November 25 Update
Making The News
1. Global Equity Markets
Developed market equities staged a late surge in November, enabling the MSCI World Index to close the month slightly higher (+0.3% MoM), marking the eighth consecutive month of gains and pushing global equity returns to +20.6% year to date. Momentum faded in the mega-cap technology space, with both the Nasdaq and Magnificent 7 indices ending the month in negative territory, despite Nvidia reporting strong earnings growth and upgrading its outlook – closing -13.0% lower for the month. Alphabet bucked the trend, climbing +14% as investor optimism grew around the latest release of its Gemini 3 AI platform. Healthcare emerged as the top-performing sector as investors shifted toward more defensive areas of the market. Emerging market equities lagged developed peers, with the MSCI EM Index falling -2.4% MoM, although it remains up a robust +30.4% for the year. Chinese stocks weighed most heavily on EM performance, with Alibaba declining -8.0% after reporting margin pressure in its core e-commerce operations.

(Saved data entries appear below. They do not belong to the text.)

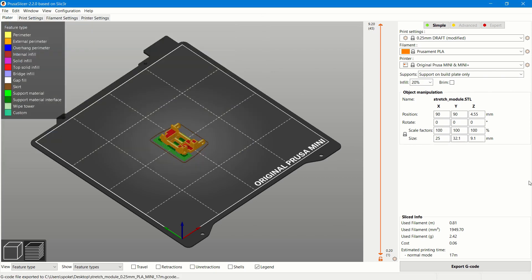After you have pressed save, you have successfully converted from STL to G-code and are now ready to print out your 3D model. Thank you for watching our tutorial.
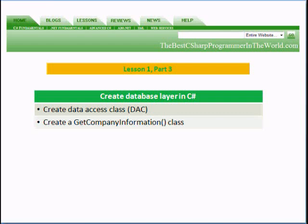In part three, we will create a data access class and create a GetCompany information class that will be used to retrieve the information from the database.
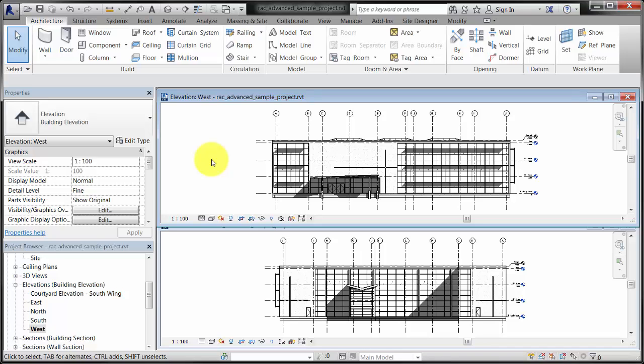When using 2D extents, changing the extents of the datum will only change the current view. The Propagate Extents tool allows you to set the 2D extents of datums in multiple views.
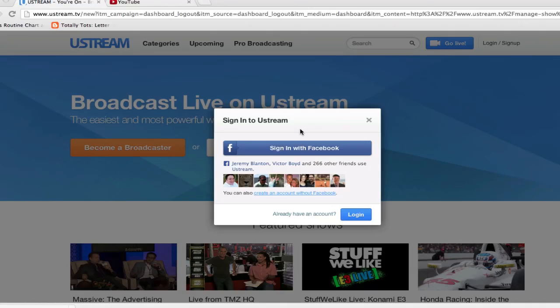Hey everybody, Jeremy Blanton with 210 Consulting. Today I wanted to show you how to get your videos that you've broadcast on Ustream and saved as recordings up to your YouTube channel. You have limited space on your Ustream channel, but on YouTube you have unlimited space and they're going to live there forever and be able to be shared easily with viewers down the road.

2. Macro and Currency Developments
The US government ended its longest-ever shutdown after 43 days on 13 November, approving spending that will see it through to the end of January 2026, buying itself time to work out a longer-term funding plan. The government shutdown has kept government economists and statisticians on unpaid leave since the beginning of October, leaving investors without any meaningful economic data for the past couple of months. The absence of recent inflation and employment data gave investors limited information with which to change their assumptions about what the US Federal Reserve (Fed) might do at upcoming meetings. As a result, borrowing rates remained essentially unchanged during November. The US dollar weakened marginally against most major currency pairs (US Dollar Index -0.3% MoM).
3. Bond Market Breakout
Foreign investor appetite has been particularly strong in 2025, with net purchases of around R175 billion in South African bonds year-to-date, compared with R73 billion for the whole of 2024. The surge in demand helped drive the 10-year government yield down to +8.4%, its lowest level in more than eight years. Local bonds have now returned more than double the emerging-market average return in 2025, aided by economic reform momentum and interest-rate cuts. As sentiment towards SA gradually improves (e.g. removal from Greylist, S&P ratings upgrade etc.), global risk factors stand to be an increasing driver of future volatility.